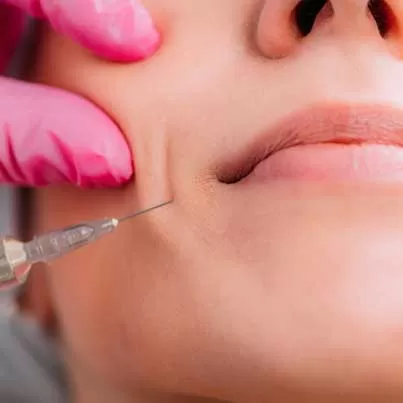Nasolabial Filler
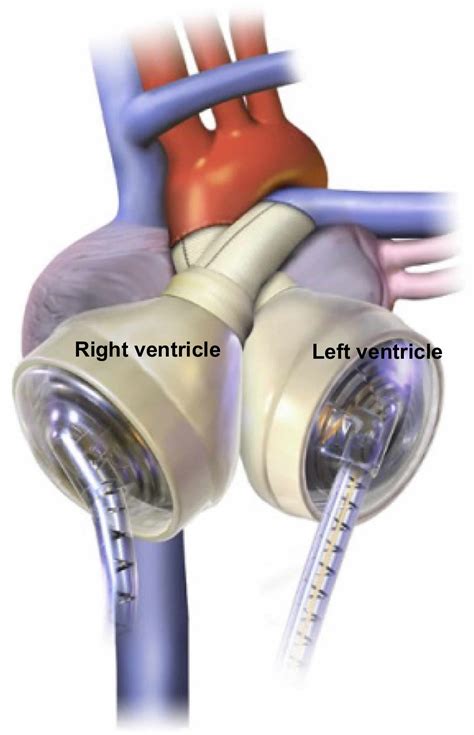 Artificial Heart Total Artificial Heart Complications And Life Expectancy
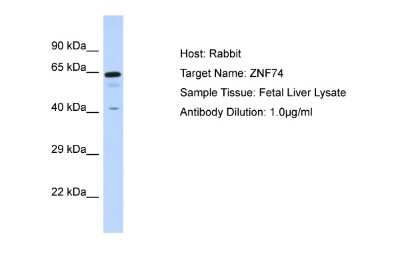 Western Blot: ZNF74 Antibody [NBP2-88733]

+ + + +

Please repeat every line of the material above exactly and without its pictures.

Nasolabial Filler
 Artificial Heart Total Artificial Heart Complications And Life Expectancy
 Western Blot: ZNF74 Antibody [NBP2-88733]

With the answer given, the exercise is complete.